La vice-présidente des Philippines, Sara Duterte, a été inculpée mardi pour « menaces graves » contre le président Ferdinand Marcos Jr., a annoncé le porte-parole du ministère de la Justice, Polo Martinez. Cette inculpation intervient alors que Sara Duterte, fille de l'ancien président Rodrigo Duterte, a annoncé son intention de briguer la présidence en 2028. L'accusation a été enregistrée devant un tribunal de Quezon City, a précisé Polo Martinez.
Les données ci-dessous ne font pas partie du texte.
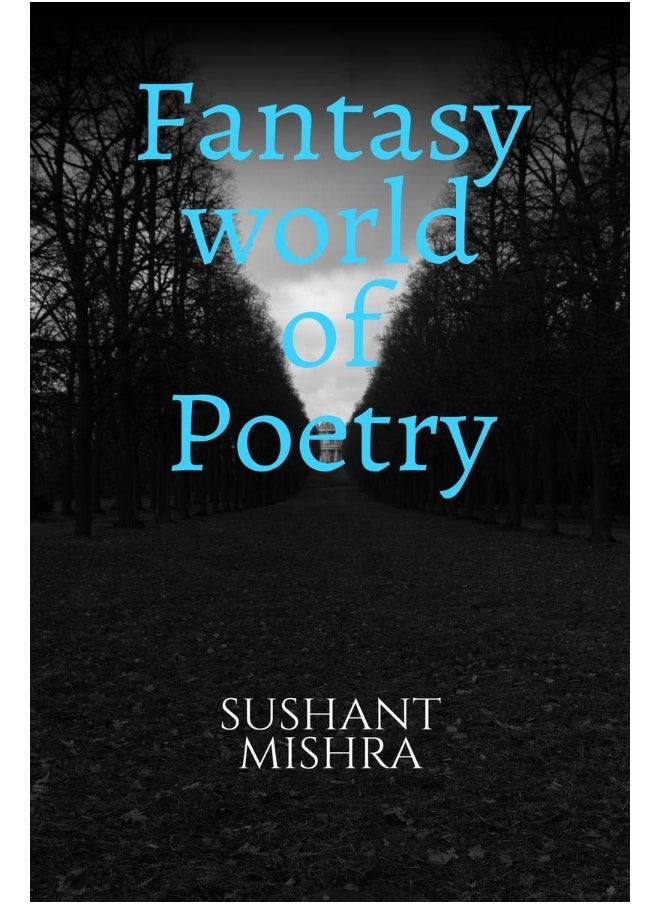 Fantasy world of Poetry 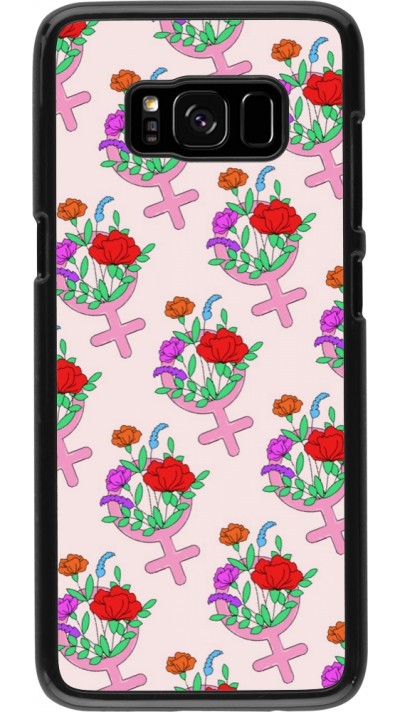 Coque Samsung Galaxy S8 - Womens day 2026 7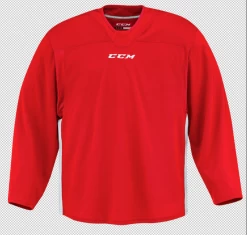 CCM 6000 MID PRACTICE TRIKOT SENIOR/JUNIOR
Une plainte déposée en février 2025
L'affaire découle d'une plainte déposée en février 2025. Entrée en conflit avec Ferdinand Marcos Jr., Sara Duterte avait alors affirmé être la cible d'un complot visant à l'assassiner. Elle avait déclaré avoir ordonné l'élimination du président si elle était tuée en premier. Elle avait ensuite assuré que ses propos, tenus lors d'une conférence de presse, avaient été mal interprétés.
Des procédures parallèles possibles
Les avocats de Sara Duterte ont estimé mardi, dans un communiqué, qu'elle ne pouvait pas être poursuivie pour un délit faisant également l'objet de son procès en destitution, ouvert en juillet au Sénat. Polo Martinez a toutefois affirmé que les deux procédures pouvaient être menées parallèlement. L'affaire est désormais « du ressort des procureurs », a-t-il indiqué.
Dante Gatmaytan, professeur de droit à l'Université des Philippines, a confirmé que cette situation n'était « pas inconstitutionnelle ». Le Code pénal philippin prévoit une peine d'un à six mois de prison pour le délit de « menaces graves ». La justice n'a en revanche pas donné suite à une plainte visant Sara Duterte pour « incitation à la sédition ».
Un procès en destitution
Sara Duterte, 48 ans, est également accusée de malversations et de corruption, en plus des menaces visant Ferdinand Marcos Jr. et son épouse. Les deux personnalités politiques avaient fait campagne ensemble lors de l'élection présidentielle de 2022.
En mai, 257 des 318 membres de la Chambre des représentants avaient voté sa mise en accusation devant le Sénat. Une majorité des deux tiers des 24 sénateurs est nécessaire pour la destituer et la rendre inéligible. Cette nouvelle inculpation pourrait compliquer ses ambitions présidentielles, mais elle n'empêche pas, pour l'instant, sa candidature potentielle en 2028.